Nadia offers this helpful 2x2:
To get your ideas to spread ASAP, you should focus on existing supermemes and memes. When I started writing, many little memeplexes were somewhere on the right-hand side of this 2x2:
LinkedIn Success: Using terms like "more human at work," "employee experience," "meaningful work," or "purpose" to tap into the corporate-LinkedIn idea complex
Grievances: Airing grievances through an anti-capitalism and politically leftist lens: "Blame capitalism," and "Millennials can't afford houses because the system is rigged," and so on, to attract other agrieved folks.
Be Your Best: Using “achivement porn,” that reminds people how how little they have achieved so far and how much they could if they tried. See also: bootstrapper ethos, indie hacker, etc…
Do More/Be More Efficient: Positioning yourself with the productivity optimization crowd: "Try this new tool/mindset to unlock your potential," or even “Meditate to be more productive.”
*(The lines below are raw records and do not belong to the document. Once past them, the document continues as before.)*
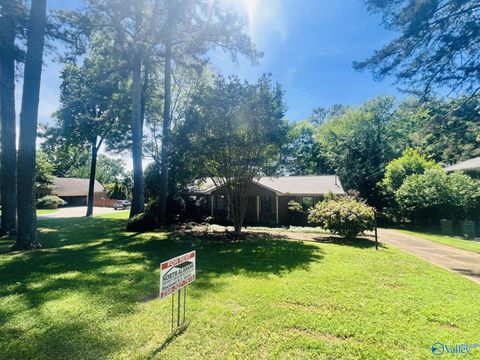 Homes For Rent - 4006 Devon Street<br/> Huntsville, AL 35802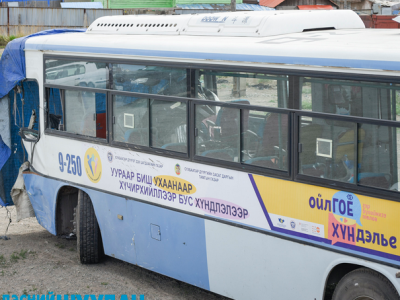 Тэнүүн-Огоо компанийн автобус осолдож, жолооч нь эмнэлэгт ухаангүй байна
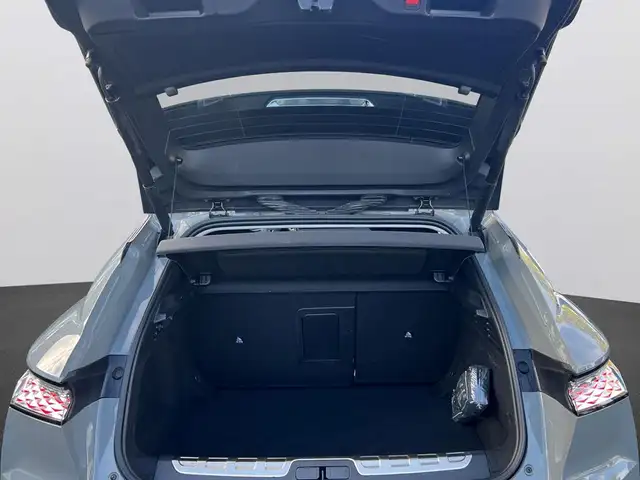 DS Automobiles DS 4 view 8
These memes are strong because they are usually aligned with what we are already primed to think. Nadia gives the example of the memes of marriage or working a salaried office job. “They don’t require much energy to process, because most of us were socialized into these norms and don’t question their underlying premises. The meme itself doesn’t consume much of our attention.”
This is why ideas that use the template of “you aren’t good enough, you just need to try harder” or “embrace the struggle” spread like crazy. They tap into existing beliefs we are primed to believe from living in an achievement culture that values success and achieving more above all else.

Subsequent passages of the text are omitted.